Unlike The Master, Tóibín’s 2004 novel about Henry James, which confined itself to a four-year period when the protagonist was in his mid-fifties, The Magician covers almost the whole of Mann’s life, from his boyhood in Lübeck, which inspired his first and arguably finest novel, Buddenbrooks, to his death in Zurich at the age of 80.
Thomas Mann was terrified that his diaries would be unearthed by the Nazis and his reputation destroyed
‘The magician’ was a sobriquet bestowed on Mann by his children, who then spent much of their lives seeking to escape his spell. Outside of the House of Atreus, it would be hard to find a family more touched by tragedy. Both of Mann’s sisters and his despised sister-in-law committed suicide, as did his oldest and youngest sons (the latter after Thomas’s death and beyond the scope of this novel), while one of his sons-in-law drowned during the second world war when the ship taking him to Canada was torpedoed.
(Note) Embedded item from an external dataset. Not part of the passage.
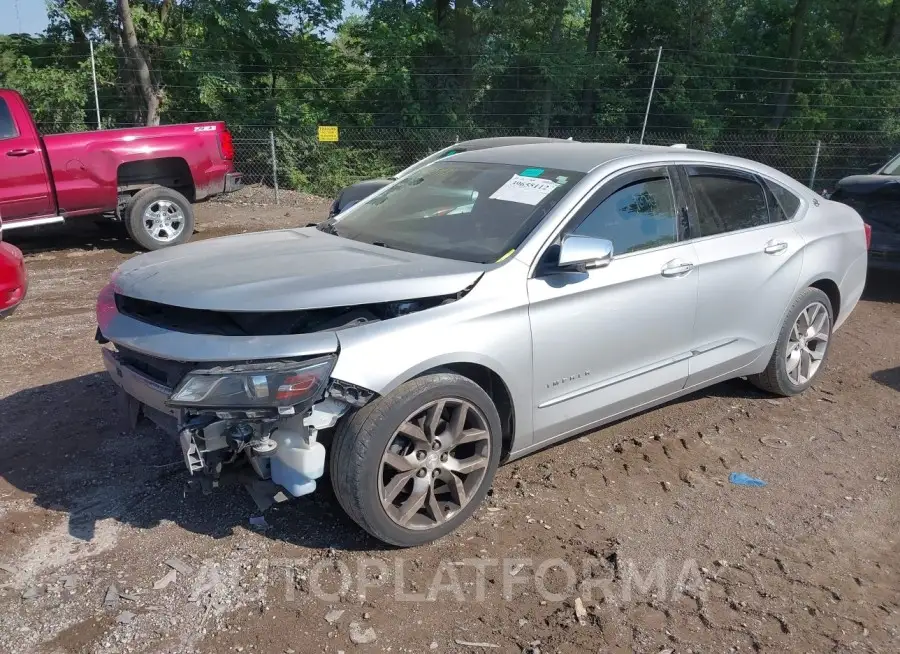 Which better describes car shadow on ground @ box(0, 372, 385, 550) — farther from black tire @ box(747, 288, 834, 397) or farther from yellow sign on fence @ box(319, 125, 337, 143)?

With material as rich as this it is no surprise that Tóibín sticks scrupulously to the documented accounts of Mann’s life, expertly weaving together details from his autobiographical writings and his own and others’ letters and diaries. Tóibín’s great achievement is his imagining of Mann’s interior life in all its intellectual achievement and emotional muddle.
The defining event of Mann’s middle years was the rise of Nazism, which forced him into exile, first in Switzerland and then in America.